* [Task goal] The lines you should transcribe are those from the one containing "Snapshot of bimbttm" to the end of the listing below, exactly, with pictures left out.

* [Provided records]
★ ★ ★ ★ ★
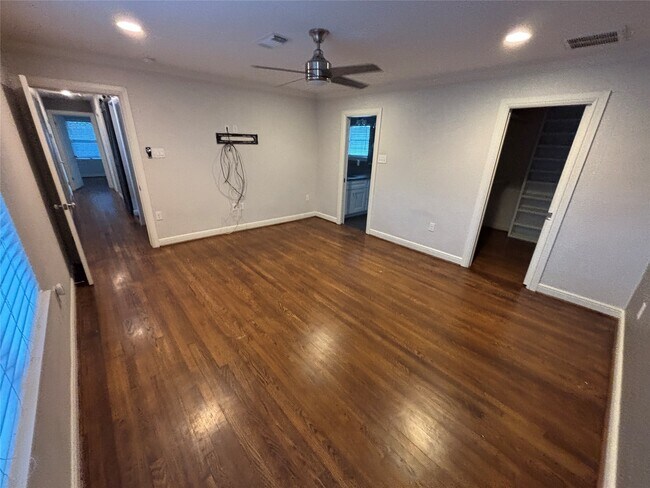 Building Photo - 10313 Shadow Oaks Dr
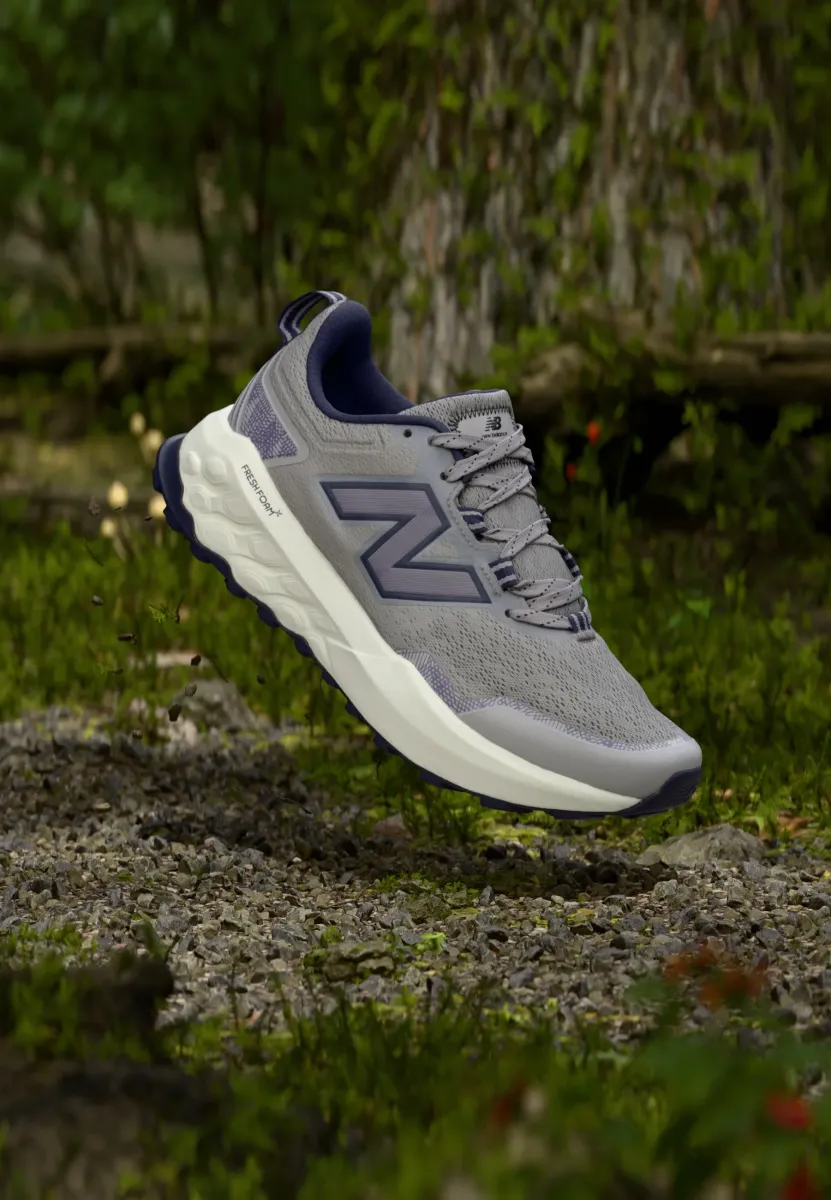 GAROE - Laufschuh Trail - truffle salt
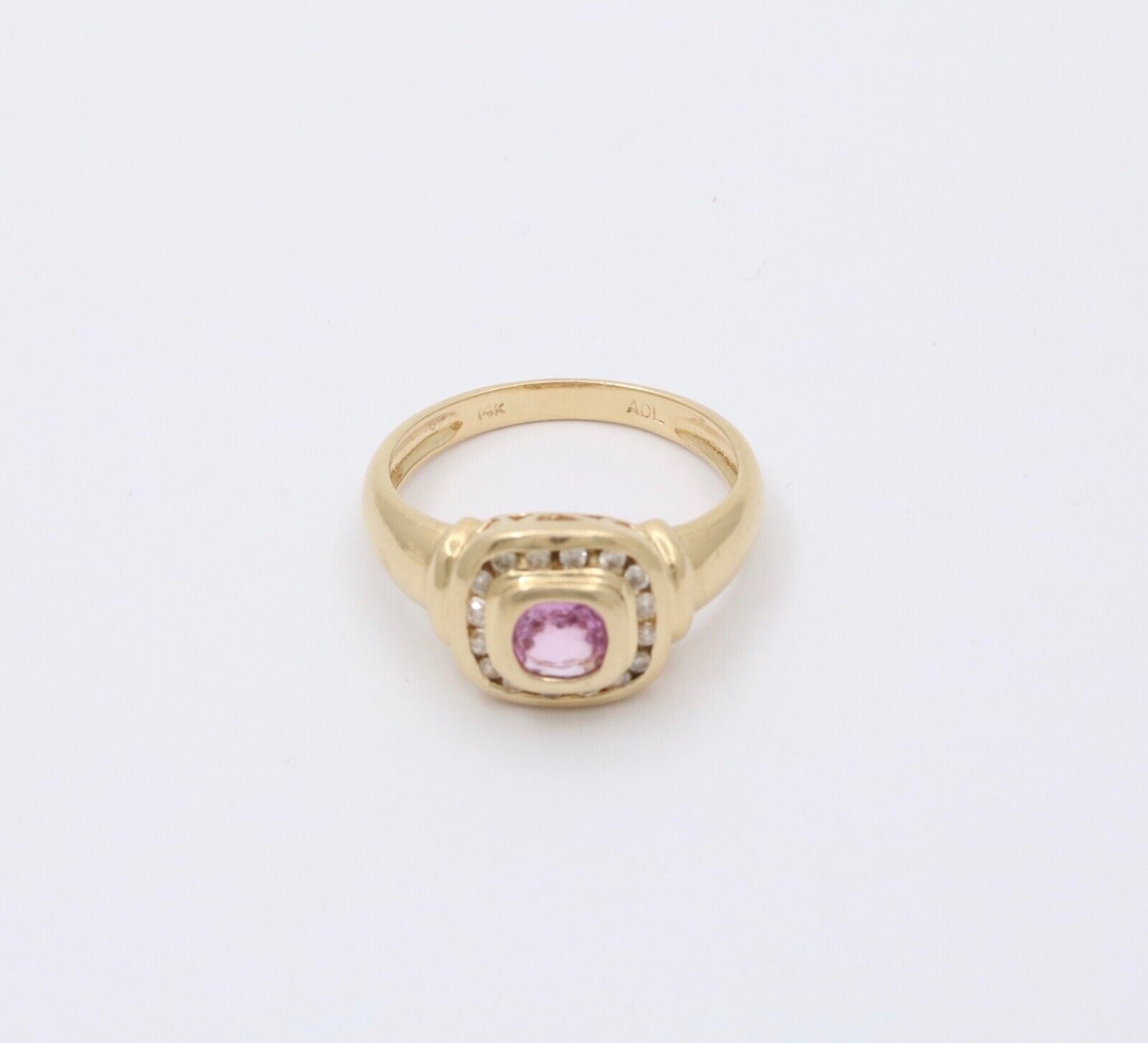 Vintage Pink Sapphire Diamonds 14k Yellow Gold Ring
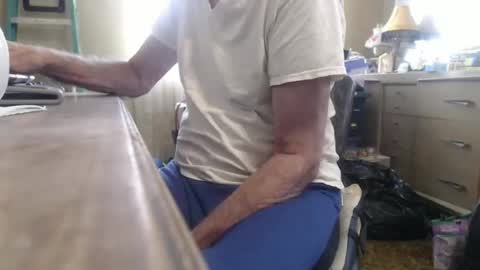 Snapshot of bimbttm chatting on December 17, 2:11 pm Bimbttm online show from December 17, 2:11 pm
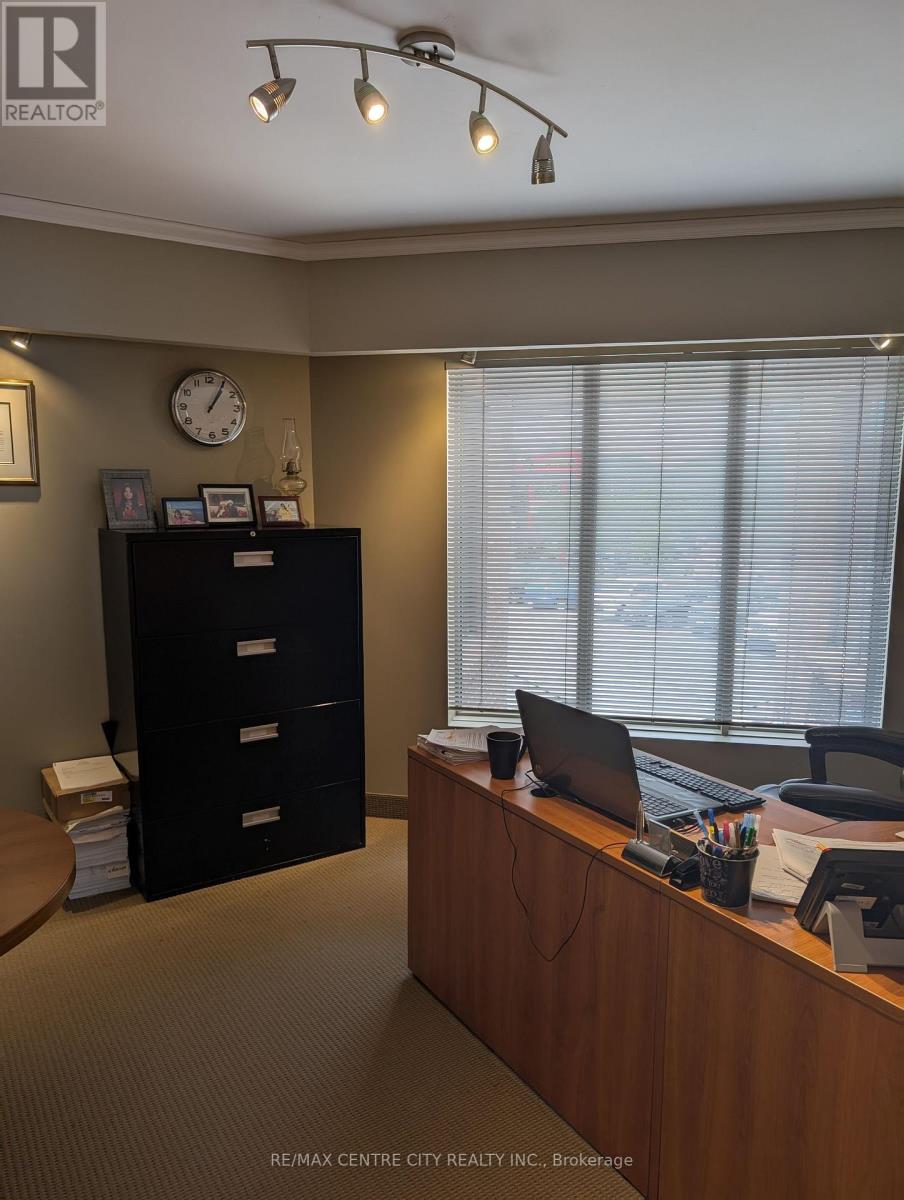 3 - 630 Wharncliffe Road S Property Photo 4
★ ★ ★ ★ ★
* [Expected output]
 Snapshot of bimbttm chatting on December 17, 2:11 pm Bimbttm online show from December 17, 2:11 pm
 3 - 630 Wharncliffe Road S Property Photo 4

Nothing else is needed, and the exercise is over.